The mask mandate says that any person entering a public building in the city will be required to wear a face covering over their mouth and nose. Public buildings include any buildings in the city open to the general public, although the mandate does not apply to public schools; churches; office space where occupants can be physically separated from the general public; or portions of a gym, theater or athletic arena where everyone performing or exercising has been vaccinated and there is space, a physical barrier or ventilation separating them from the general public.

The mandate is subject to review by the council every 30 days and the city manager also could suspend the mandate through an executive order if the U.S. Centers for Disease Control and Prevention finds that the seven-day average of new cases for Cumberland County drops to a “moderate” level for a period of 10 consecutive days.

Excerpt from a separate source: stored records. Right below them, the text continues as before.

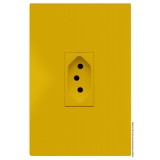 Conjunto Tomada 10a Vertical 4x2 - RECTA MOSTARDA SATIN FOSCO
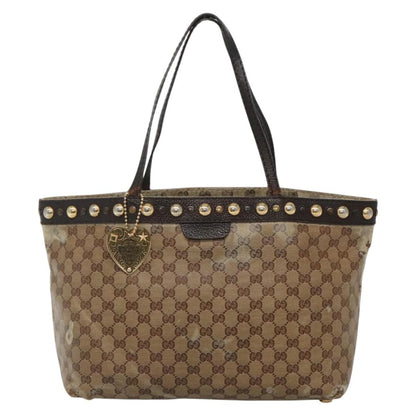 Gucci GUCCI GG Crystal Tote Bag Coated Canvas Beige Gold 207291 Authentic 139548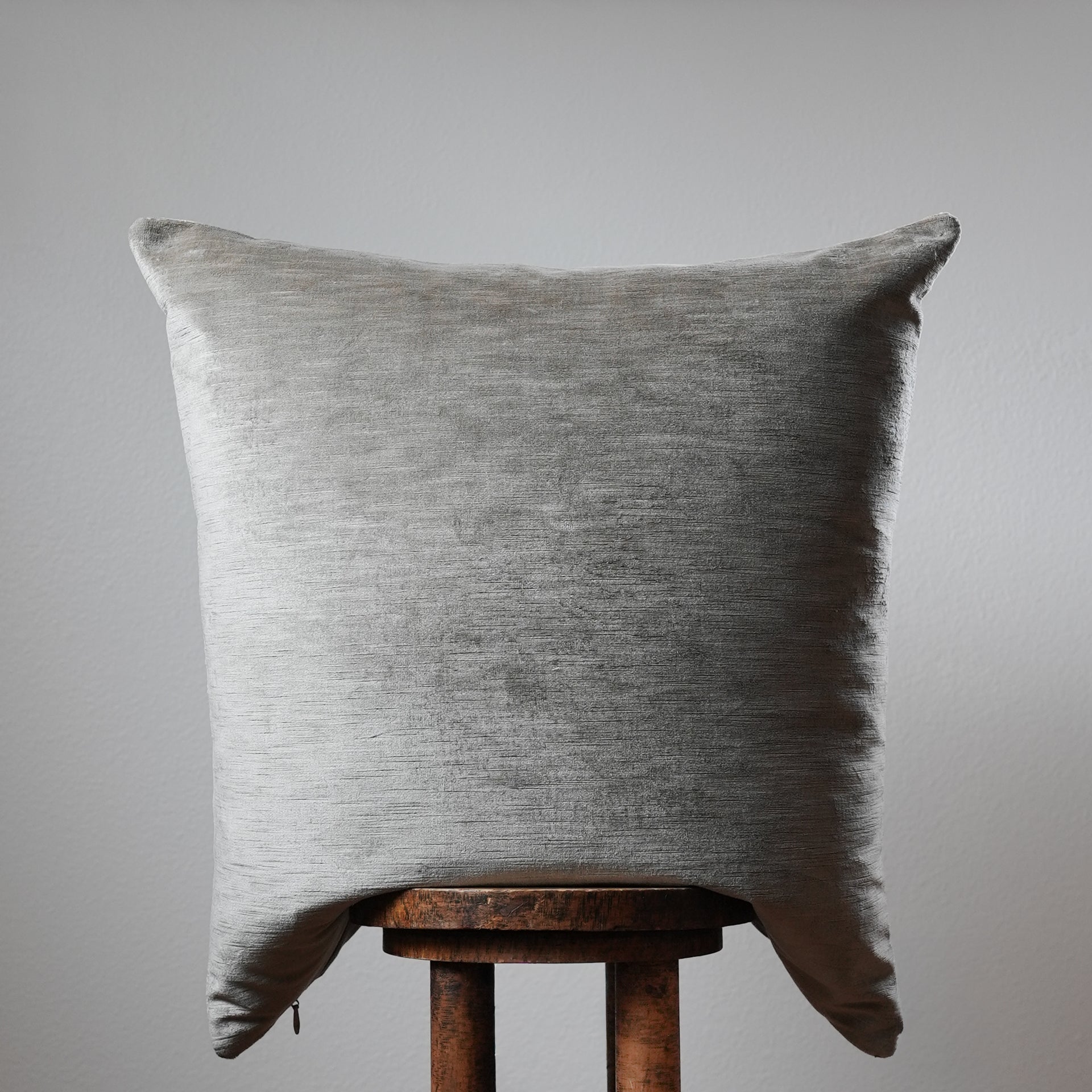 Beige Linen Velvet with Striations Pillow Set of 3 - 26x26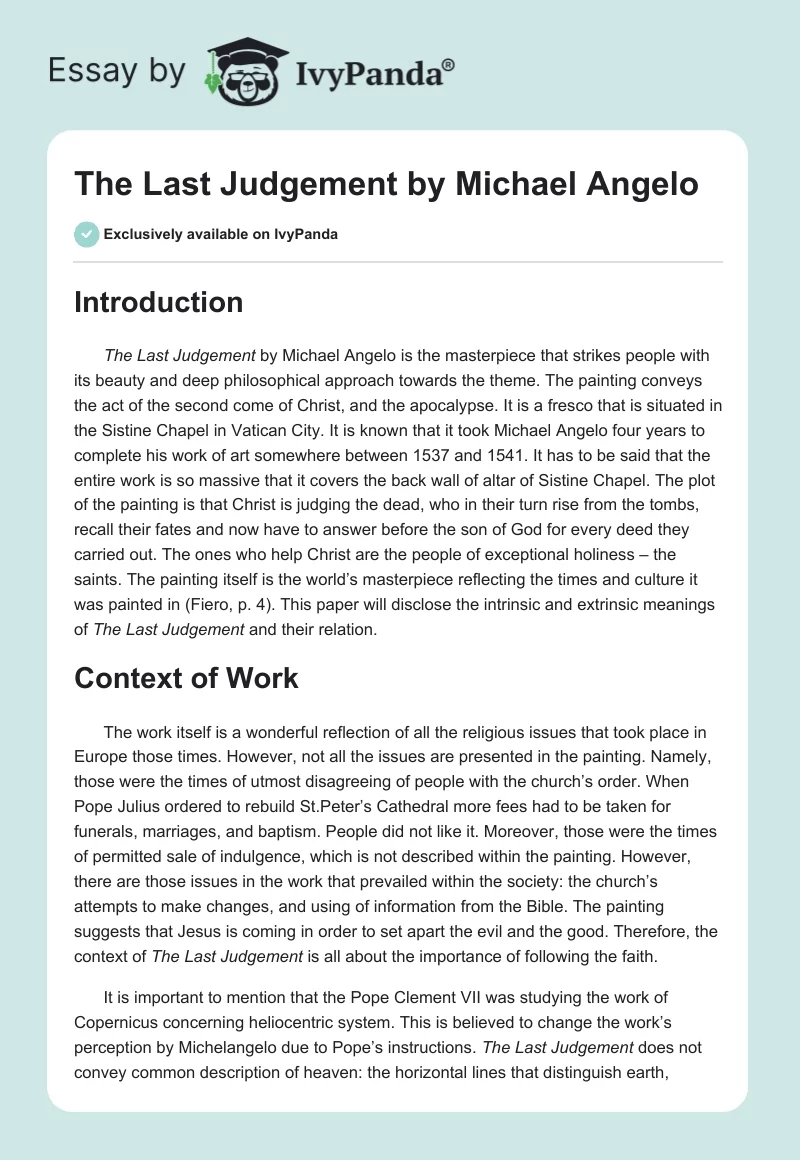 "The Last Judgement" by Michael Angelo. Page 1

City health officials backed the mask mandate but not the exemption for businesses that check vaccination status. “Health and human services does not necessarily agree with the exemption for vaccination,” Director of Health and Human Services Kristen Dow told the council. “We believe we need to use all mitigation strategies at our disposal including the temporary indoor mask mandate and it’s important to remember no one single measure will mitigate COVID-19 and all the strategies must be used together if we’re going to see a successful decline in numbers.”

The amendment by Rodriguez to eliminate the exemption failed 6-3 with Trevorrow and Councilor Pious Ali joining Rodriguez in supporting the amendment.